__ACTION ITEM__.
Transcribe the data underneath exactly. No images belong in your version.
________________________
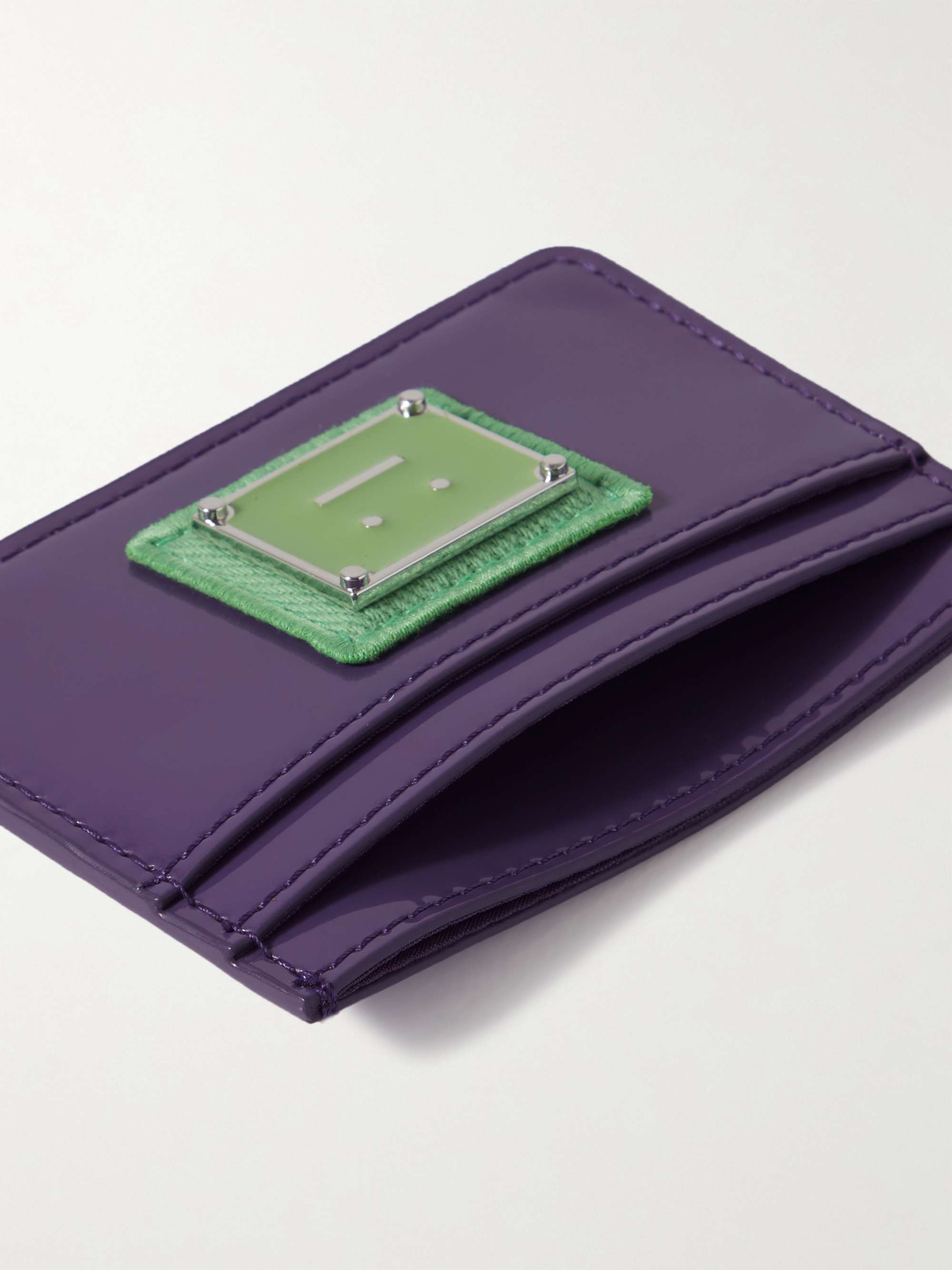 ACNE STUDIOS Logo-Appliquéd Faux Patent-Leather Cardholder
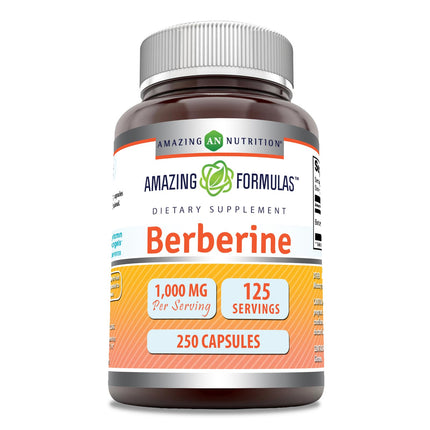 Amazing Formulas Berberine 1000mg Per Serving 250 Capsules Supplement | Non GMO | Gluten Free | Made in USA- Proudly Made in the USA with Guaranteed Purity & Potency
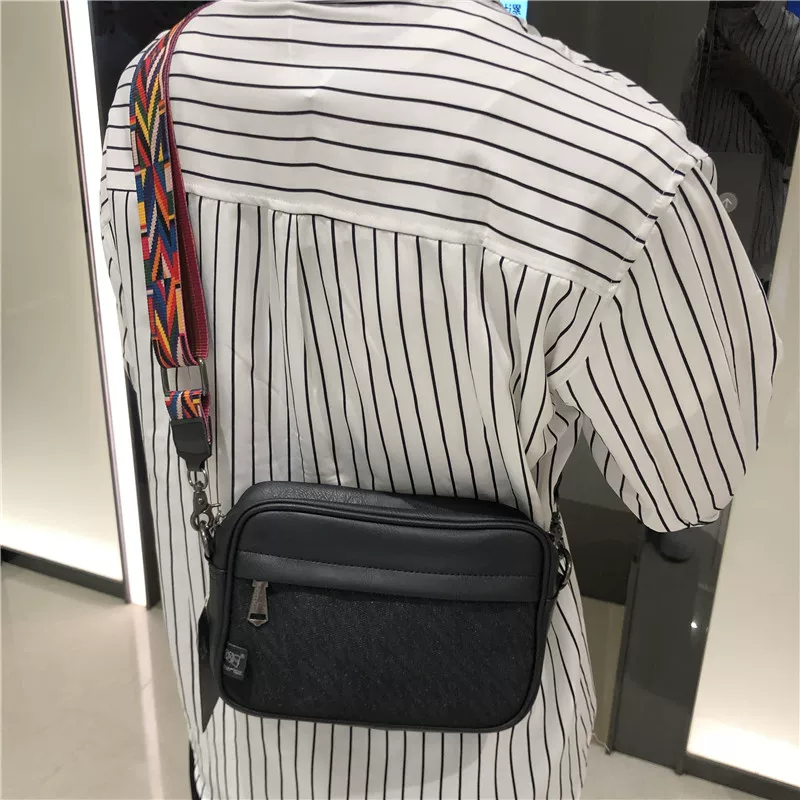 Túi đeo chéo nam sọc thời trang Nhật Bản và Hàn Quốc ba ngăn, phong cách hip-hop, unisex, chất liệu PU thời trang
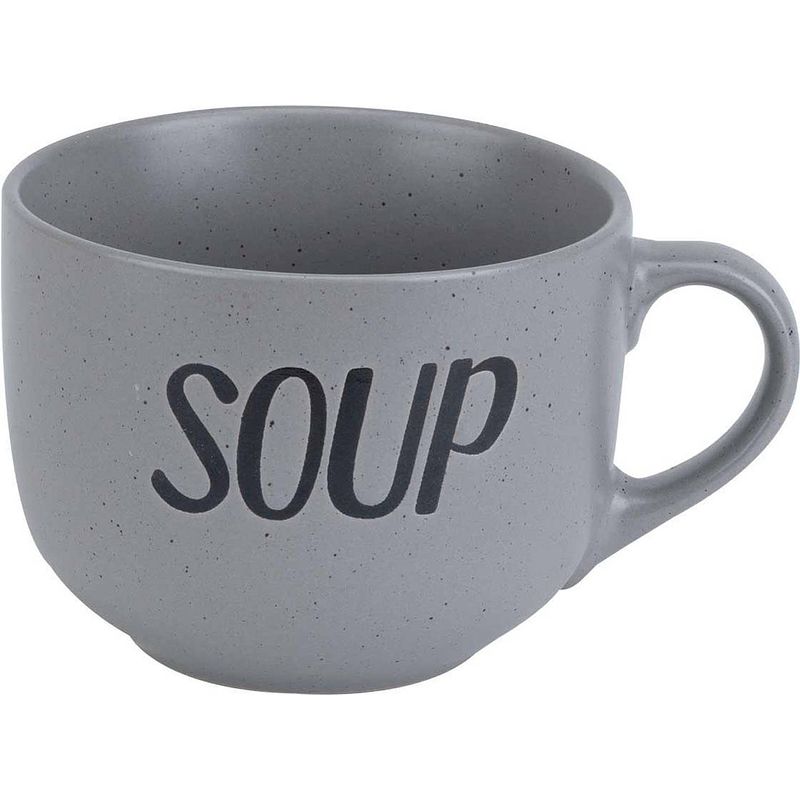 Foto van Cosy&trendy soepkom 'ssoup's met een oor - 51 cl - grijs - set-6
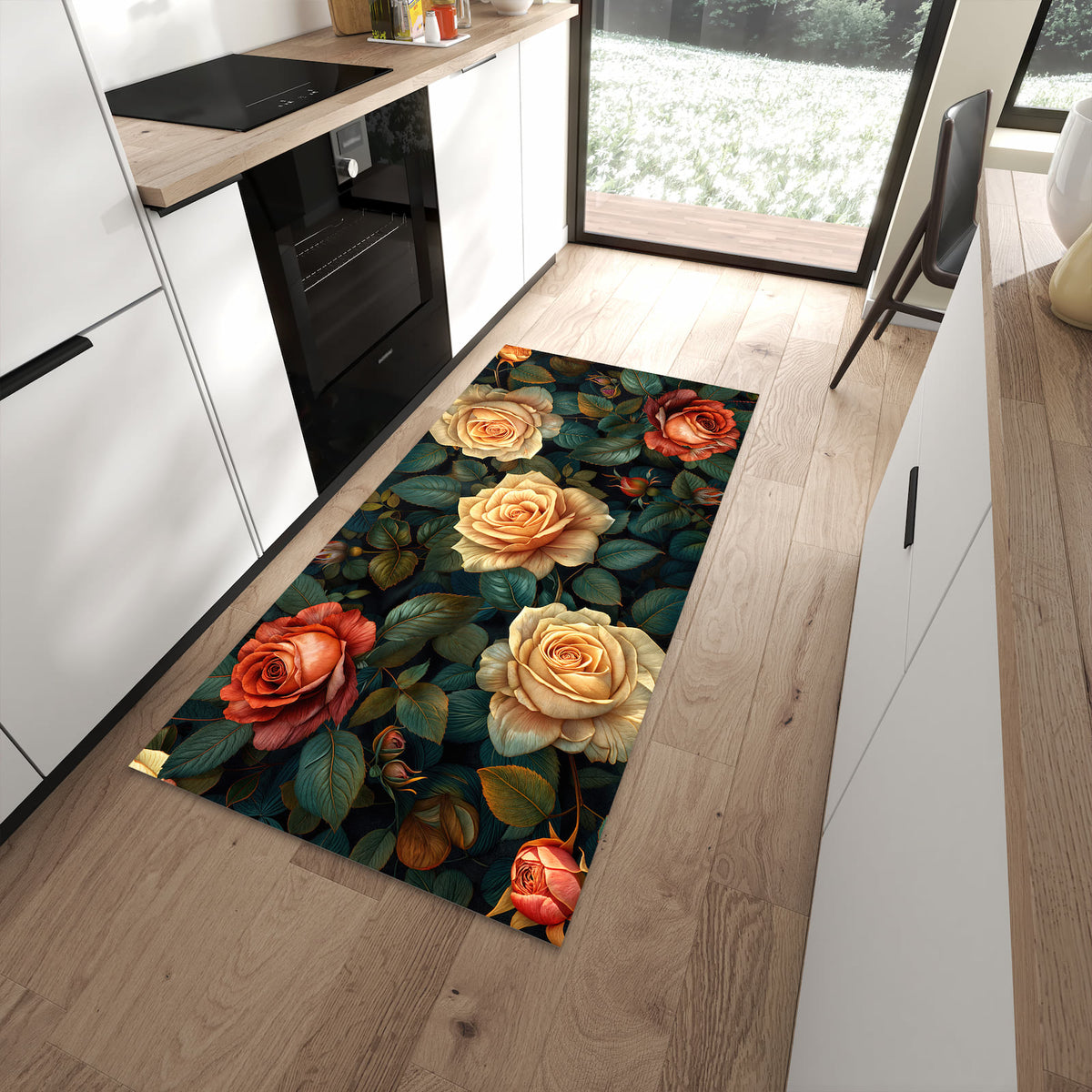 UV-beständiger dünner Teppich mit Motiv Rosenmuster Blumen in moderner Küche
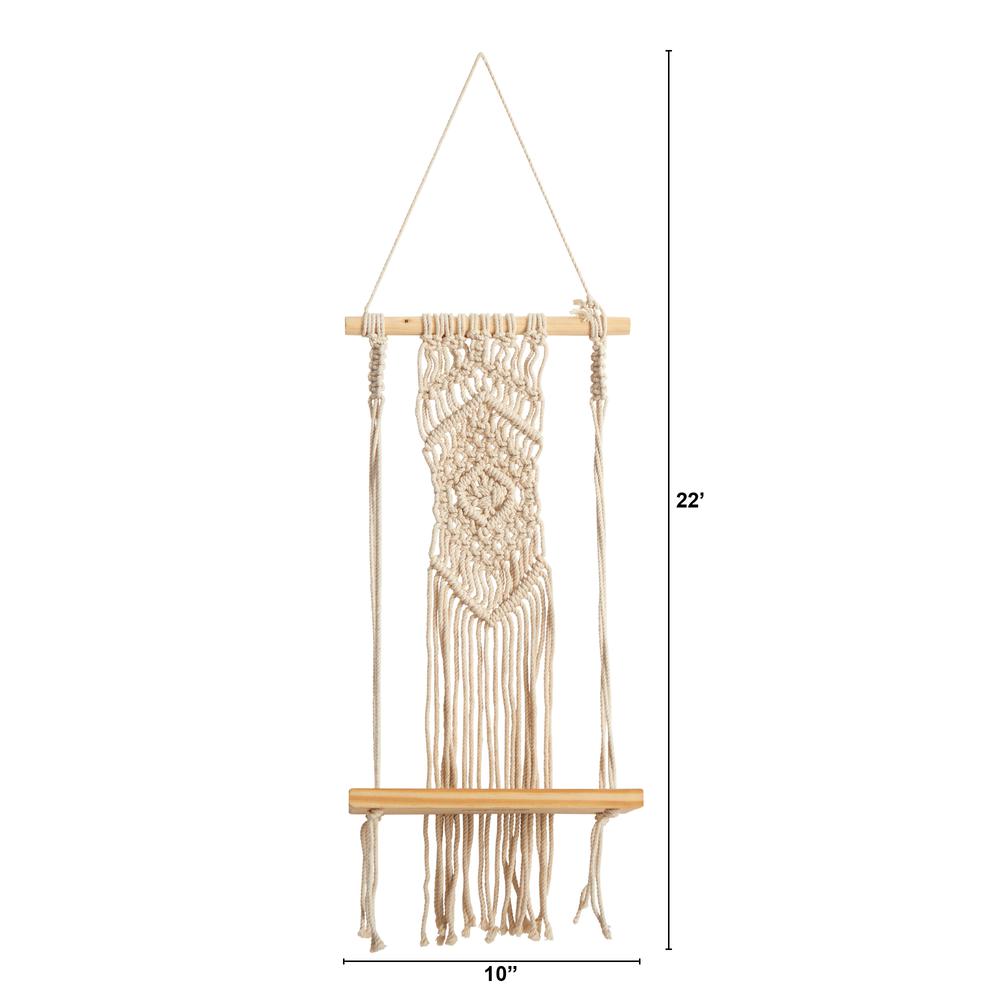 22in. Boho Chic Wood Macrame Shelf with Diamond Weave. Picture 2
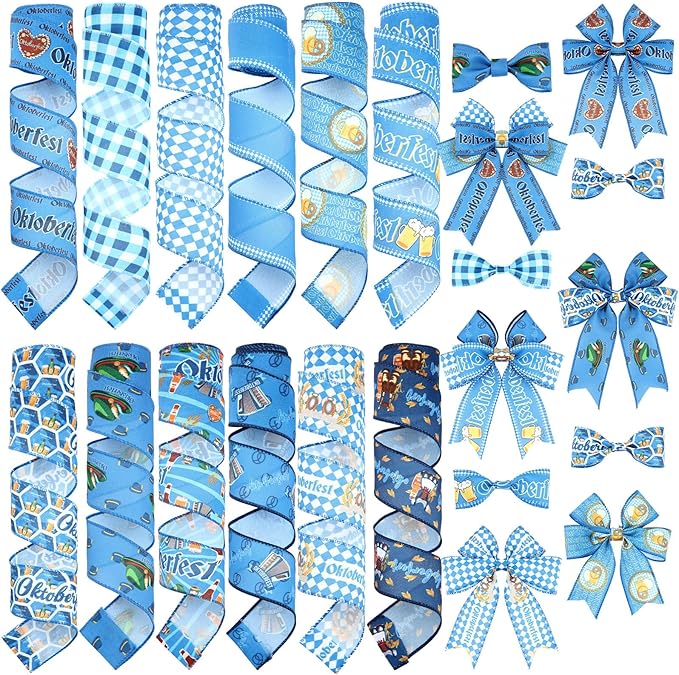12 Rolls Oktoberfest Wired Edge Ribbon for Wreaths 2.5 Inch x 30 Yards Blue and White Print Grosgrain Ribbon Bavarian German Beer Crafts for Oktoberfest Party Decorative Supplies, 12 Styles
________________________
__RESPONSE FOR THIS EXERCISE__.
 ACNE STUDIOS Logo-Appliquéd Faux Patent-Leather Cardholder
 Amazing Formulas Berberine 1000mg Per Serving 250 Capsules Supplement | Non GMO | Gluten Free | Made in USA- Proudly Made in the USA with Guaranteed Purity & Potency
 Túi đeo chéo nam sọc thời trang Nhật Bản và Hàn Quốc ba ngăn, phong cách hip-hop, unisex, chất liệu PU thời trang
 Foto van Cosy&trendy soepkom 'ssoup's met een oor - 51 cl - grijs - set-6
 UV-beständiger dünner Teppich mit Motiv Rosenmuster Blumen in moderner Küche
 22in. Boho Chic Wood Macrame Shelf with Diamond Weave. Picture 2
12 Rolls Oktoberfest Wired Edge Ribbon for Wreaths 2.5 Inch x 30 Yards Blue and White Print Grosgrain Ribbon Bavarian German Beer Crafts for Oktoberfest Party Decorative Supplies, 12 Styles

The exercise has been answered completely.